Suggestions please for what POP or IMAP servers to use

David Schwartz davids at webmaster.com
Mon Dec 17 23:18:09 PST 2007


> Do you really not understand it?  I'll try one more time.  Anyone
> who writes a browser that grabs major market share has a guarenteed
> stream of cash from the root certificate authorities.  Netscape
> figured this out first, then when MS caught on, they pushed them out
> of business to grab that revenue stream.

Do you have any evidence to suggest that this revenue stream motivated MS's
browser push? I've cited quite a bit of evidence that supports other
motivations.

> > More likely, Microsoft was afraid that a portable browser could
> > become the
> > platform of the future, making the operating system on longer
> > particularly
> > important. If that was going to happen, they had better be the
> > market leader
> > in the browser business.

> Rubbish.  We have had portable browsers, we have a portable
> language (Java)
> and nothing has come of that "platform of the future" hogwash.

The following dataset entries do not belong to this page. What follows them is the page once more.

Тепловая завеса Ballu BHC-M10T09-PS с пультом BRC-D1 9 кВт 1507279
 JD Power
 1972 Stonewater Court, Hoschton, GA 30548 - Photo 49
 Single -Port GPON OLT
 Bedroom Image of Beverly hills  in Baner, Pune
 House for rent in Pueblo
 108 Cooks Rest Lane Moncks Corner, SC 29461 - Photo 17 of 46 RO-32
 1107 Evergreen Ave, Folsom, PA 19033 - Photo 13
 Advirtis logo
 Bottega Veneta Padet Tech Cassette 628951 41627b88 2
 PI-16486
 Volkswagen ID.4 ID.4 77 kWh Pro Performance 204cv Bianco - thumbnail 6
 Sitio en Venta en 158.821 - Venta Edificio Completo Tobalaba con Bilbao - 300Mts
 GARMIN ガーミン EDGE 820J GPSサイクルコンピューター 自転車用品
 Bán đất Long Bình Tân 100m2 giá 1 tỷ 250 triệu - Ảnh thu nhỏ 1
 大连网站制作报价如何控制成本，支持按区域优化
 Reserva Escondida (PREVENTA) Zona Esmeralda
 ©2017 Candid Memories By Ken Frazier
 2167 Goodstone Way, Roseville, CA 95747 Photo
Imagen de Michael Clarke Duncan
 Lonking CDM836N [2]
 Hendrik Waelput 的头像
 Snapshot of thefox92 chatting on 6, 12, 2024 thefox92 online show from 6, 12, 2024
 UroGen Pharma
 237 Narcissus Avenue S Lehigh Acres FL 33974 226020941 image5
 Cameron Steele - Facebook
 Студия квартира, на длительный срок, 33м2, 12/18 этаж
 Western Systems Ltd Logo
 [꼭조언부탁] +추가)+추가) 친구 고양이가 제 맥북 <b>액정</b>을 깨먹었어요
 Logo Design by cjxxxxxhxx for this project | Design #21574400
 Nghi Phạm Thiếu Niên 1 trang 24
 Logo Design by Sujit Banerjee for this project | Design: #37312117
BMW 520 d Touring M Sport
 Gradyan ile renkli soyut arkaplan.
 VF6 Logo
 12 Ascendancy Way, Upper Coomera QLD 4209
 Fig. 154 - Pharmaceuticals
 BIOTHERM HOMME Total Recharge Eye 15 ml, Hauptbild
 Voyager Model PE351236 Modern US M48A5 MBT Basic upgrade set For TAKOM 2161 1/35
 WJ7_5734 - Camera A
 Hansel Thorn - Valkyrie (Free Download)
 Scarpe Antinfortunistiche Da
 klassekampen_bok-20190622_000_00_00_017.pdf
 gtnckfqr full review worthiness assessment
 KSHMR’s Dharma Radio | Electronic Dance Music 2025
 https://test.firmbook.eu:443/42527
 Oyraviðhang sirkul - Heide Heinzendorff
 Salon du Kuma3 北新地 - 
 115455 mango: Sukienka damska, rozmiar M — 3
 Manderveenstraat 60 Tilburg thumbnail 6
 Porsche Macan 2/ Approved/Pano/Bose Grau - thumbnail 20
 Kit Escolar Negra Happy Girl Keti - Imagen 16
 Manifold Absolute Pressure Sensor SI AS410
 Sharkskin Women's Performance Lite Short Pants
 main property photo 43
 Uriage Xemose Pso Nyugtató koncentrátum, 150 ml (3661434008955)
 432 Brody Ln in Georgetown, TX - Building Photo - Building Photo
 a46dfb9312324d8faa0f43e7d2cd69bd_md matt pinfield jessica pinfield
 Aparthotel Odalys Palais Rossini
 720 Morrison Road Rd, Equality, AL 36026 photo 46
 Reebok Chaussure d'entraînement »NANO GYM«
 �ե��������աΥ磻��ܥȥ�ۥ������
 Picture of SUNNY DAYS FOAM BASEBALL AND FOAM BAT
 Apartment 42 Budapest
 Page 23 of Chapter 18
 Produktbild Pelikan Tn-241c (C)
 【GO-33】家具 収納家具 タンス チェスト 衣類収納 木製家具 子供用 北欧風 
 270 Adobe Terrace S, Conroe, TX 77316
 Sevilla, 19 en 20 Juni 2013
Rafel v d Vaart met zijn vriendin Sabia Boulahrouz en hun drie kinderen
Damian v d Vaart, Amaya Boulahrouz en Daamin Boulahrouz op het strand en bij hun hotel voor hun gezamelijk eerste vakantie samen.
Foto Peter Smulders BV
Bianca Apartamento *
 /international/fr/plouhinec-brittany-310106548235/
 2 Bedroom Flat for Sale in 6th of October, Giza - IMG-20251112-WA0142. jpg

Nevertheless, this is what motivated Microsoft's decision. Perhaps had
Microsoft left the market alone, that would have happened. Perhaps not. But
there's quite a bit of evidence to suggest that Microsoft feared that
technologies such as the web and Java would make the OS irrelevent and acted
to protect their cash cow.

I'm not sure which of two arguments you are now making:

1) Microsoft didn't see the Netscape/Java threat to their OS at the time.

2) Microsoft did see the threat, but still acted to get root key revnue.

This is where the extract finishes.